On artist Richard Corben: "The intertwining of light and dark forces here, of love and decay, of unknown altars and inescapable tombs, of unchained gods and insatiable demons, of unending dreams and unyielding nightmares - all this is dazzling. With Corben, not only is anything possible - it is inevitable."
"I've been called over the top. How silly. If you don't go over the top, you can't see what's on the other side."
The Apotheosis of Music: "The thing is that [Wanger and Little Richard] both amplified human beings. The Wagner material was about God and Little Richard sounded like God. It made me realize that you don’t have to remain a human being - that one of the great uses of art (which I’d only heard talked about as some valuable cultural asset that meant nothing to me) is that it was like taking a pill and you were no longer just a human being"

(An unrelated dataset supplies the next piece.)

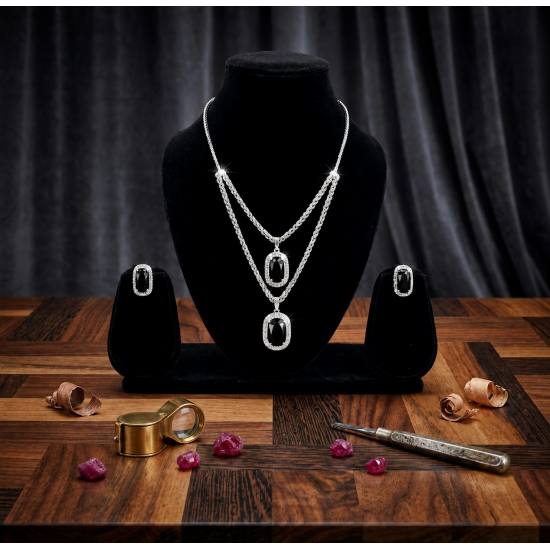 Brass Rhodium AD Double Layered Pendent Set-Black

"Our songs are sardonic, operatic, desperate, extreme and really passionate. There's something dangerous to it - rock should have a mystic dimension. The fun is going over the edge."
"Our songs are a series of heroics. Amplification of reality, glorification's of fantasy."
"The songs are myths, panoramas, vistas, voyages - voyages to a country of lost girls and golden boys who refuse to grow up. It's a land everybody wants to get to, a rock kingdom in which the major theme is: all revved up with no place to go."
"My songs are anthems to those moments when you feel like you're on the head of a match that's burning. They're anthems to the essence of rock & roll, to a world that despises inaction and loves passion and rebellion, They're anthems to the kind of feeling you get listening to 'Be My Baby' by the Ronettes. That's what I love about anthems - the fury, the melody and the passion."
"There's so many things that have beautiful gods in them - y'know, amplifiers, guitars, motorcycles, girls' eyes, screams in the middle of New York City some nights, moons, there's millions of them."
"In a world full of cripples, the only pure revolutionary act is to get up and dance!"
"Then Sam, the only other conscious person in the room, said he'd like to levitate. I said, 'Just stay where you are, because everybody else is sinking.' Suddenly the image dawned as a powerful metaphor for rock & roll: when everybody else is sinking and going the way of L.A. music, when fever and passion become an air-conditioned thrill and fantasies become cluttered by tax-returns, rock & roll dreams come through."
"I don't know if there's any connection linguistically but a great showman to me is also a Shaman, in that tears open doorways and lets you see things behind doors that you would never see. And creates altars so you could worship things that you're not aware of. It shows you the underbelly and that's always interested me more than anything else. What, the secret underbelly of things."
"I was interested in gods and goddesses and people who thought they were gods and goddesses, or tried to be. I was interested in the massive scale, in nightmares, in dreams as opposed to reality. And things that went on in the subconscious rather than the ordinary daily life. Everything heightened or hidden away or secreted or amplified or mythic."